Release Date:  11 June 2021





Date of Issue: 11 June 2021
Designed by: Wood illustration, Layout by the Huitième Jour agency
Print process: Offset lithography 12 stamps per sheet
Colors: polychrome predominantly blue
Perforations: 13
Stamp size: 60 x 25 mm
Press Run: 600,000
Face Value: €1.08

First Day of Issue on Friday June 11, 2021 in LYON (69) Lyon Bellecour Post Office from 9 a.m. to 6 p.m., 10 place Antonin Poncet 69002 LYON (only on Friday 11 June).
in PARIS (75) Le Carré d’Encre, from 10 a.m. to 5 p.m., 13 bis rue des Mathurins, 75009 PARIS.
General on sale Monday, June 14, 2021

Sheet of 12 Stamps























































First Day Cancellation – Paris


























































In France , the highway code is all the legislative and regulatory provisions governing traffic on public roads (sidewalks, roads, highways, etc.) by users, in particular pedestrians, vehicles with or without engines, animals. Most of the articles of the highway code are designed for motor vehicles. The old highway code was divided into titles, for its legislative part, and three books for its regulatory part 1 .

In 2011, the new highway code was described in four books, for the legislative part, as well as for the regulatory part. It describes the characteristics of vehicles suitable for driving on public roads (Book 3), traffic and priority rules, parking rules (Book 4) as well as the penalties incurred in the event of violation of these texts. Finally, it describes the procedures necessary to be authorized to drive these vehicles (Book 2). The first of the four books concerns general provisions (definitions, liability, investigation and reporting of infringements) and provisions relating to overseas territories. The provisions relating to roads are defined in another code, the road code.

In France, road regulations predate the birth of the automobile as well as the revolution, In 1724 and 1725, to ensure the conservation of the roads, the number of horses was limited according to the number of wheels of the carts and of their weight, by the king and the parliament.

Napoleon I in 1804 mandated the traffic to the right of the roadway.

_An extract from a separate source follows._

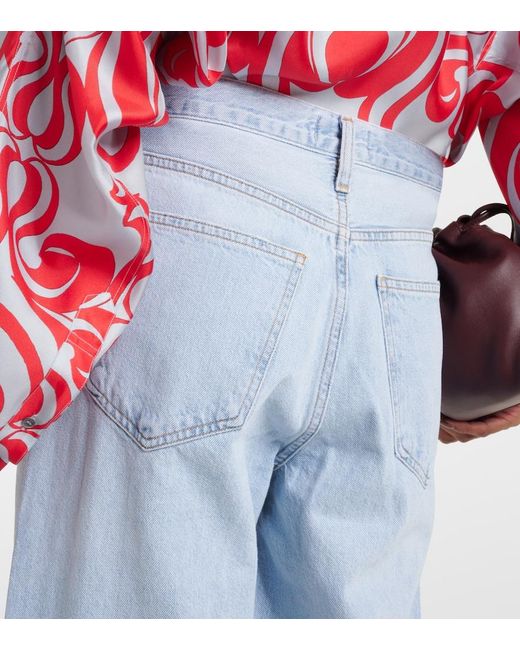 Agolde Blue Low Slung Baggy Wide-Leg Jeans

Initially, the Romans drove on the left. A decree of 28 August 1808 established for the first time the rules for sharing the road and two-way lanes. A law of 28 June 1828, concerned the safety of public cars. At that time, according to “Le Petit code chariot”, carrier and cart drivers continued to be required to cede half of the pavement to passenger cars. In 1843, it was considered that a prefectural decree obliging you to keep your right could be invoked in the Court of Cassation.

Horse drawn carriage traffic was governed by the “law on the traffic police and public messengers” of 30 May 1851 and its numerous implementing decrees. This law proclaimed the freedom to circulate for cars (the motor vehicles “likely to frighten horses and set crops on fire”) but it was framed by regulations of an often local and restrictive nature. It essentially aimed to protect public roads against damage caused by the passage of heavy vehicles towed by animals.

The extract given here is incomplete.